Another example showing R’s flexibility and evolving geographic capabilities is interactive map making. As we’ll see in Chapter 9, the statement that R has “limited interactive [plotting] facilities” (Bivand, Pebesma, and Gómez-Rubio 2013) is no longer true. This is demonstrated by the following code chunk, which creates Figure 1.1 (the functions that generate the plot are covered in Section 9.4).
library(leaflet) popup = c("Robin", "Jakub", "Jannes") leaflet() |> addProviderTiles("NASAGIBS.ViirsEarthAtNight2012") |> addMarkers(lng = c(-3, 23, 11), lat = c(52, 53, 49), popup = popup)
It would have been difficult to produce Figure 1.1 using R a few years ago, let alone as an interactive map. This illustrates R’s flexibility and how, thanks to developments such as knitr and leaflet, it can be used as an interface to other software, a theme that will recur throughout this book. The use of R code, therefore, enables teaching geocomputation with reference to reproducible examples representing real world phenomena, rather than just abstract concepts.

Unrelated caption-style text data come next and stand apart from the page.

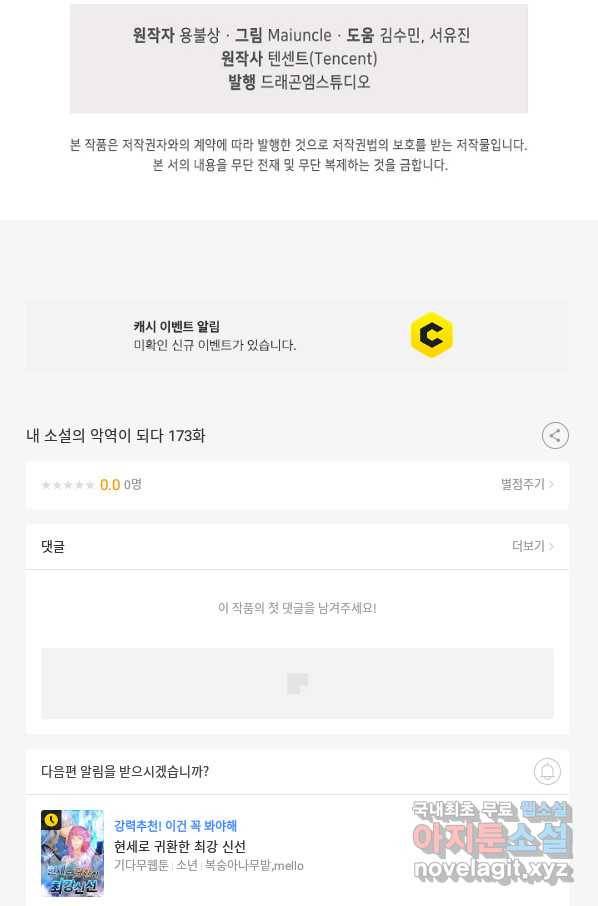 내 소설의 악역이 되다 173화 92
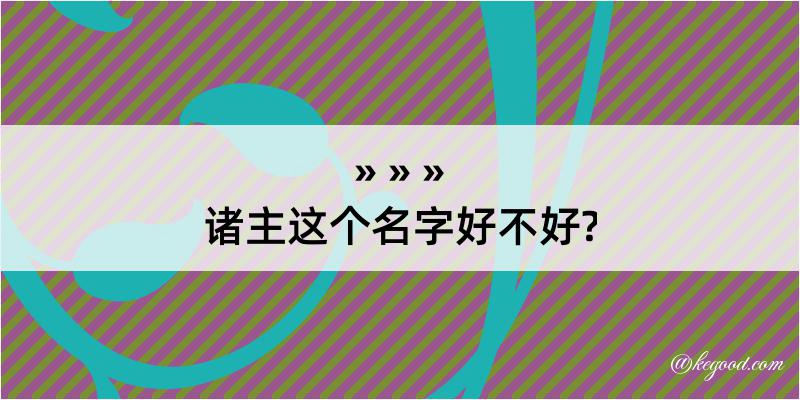 诸主这个名字好不好?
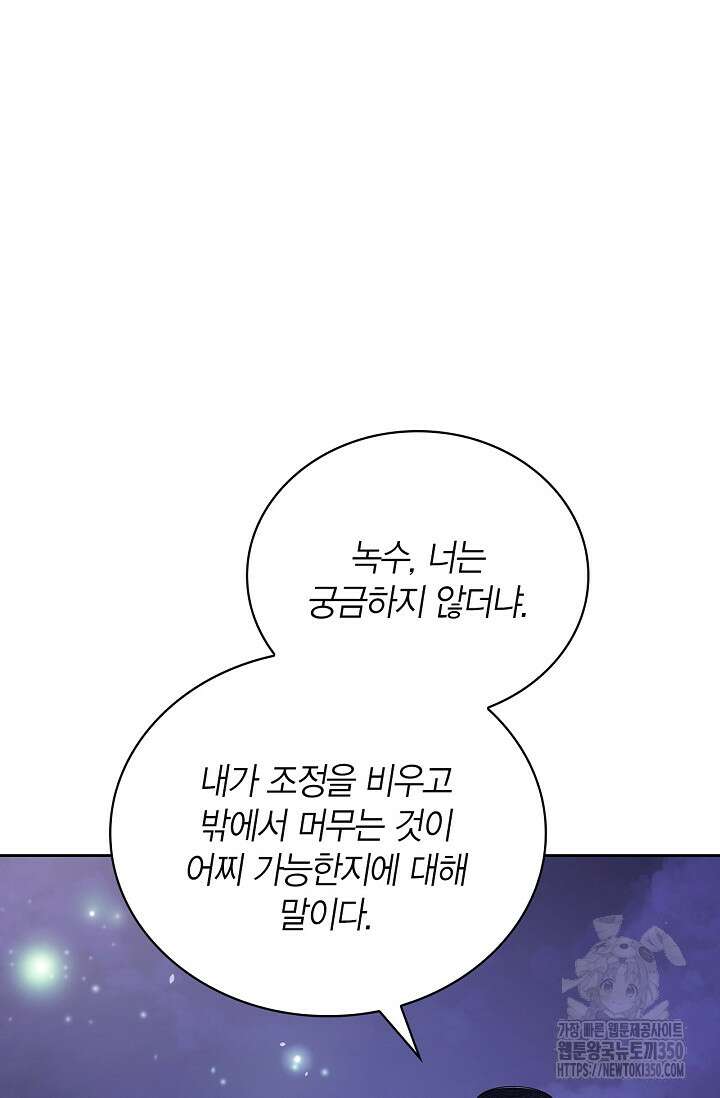 배우로서 살겠다 98화 27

R is a powerful language for geocomputation but there are many other options for geographic data analysis providing thousands of geographic functions. Awareness of other languages for geocomputation will help decide when a different tool may be more appropriate for a specific task, and place R in the wider geospatial ecosystem. This section briefly introduces the languages C++, Java and Python for geocomputation, in preparation for Chapter 10.
An important feature of R (and Python) is that it is an interpreted language. This is advantageous because it enables interactive programming in a Read–Eval–Print Loop (REPL): code entered into the console is immediately executed and the result is printed, rather than waiting for the intermediate stage of compilation. On the other hand, compiled languages such as C++ and Java tend to run faster (once they have been compiled).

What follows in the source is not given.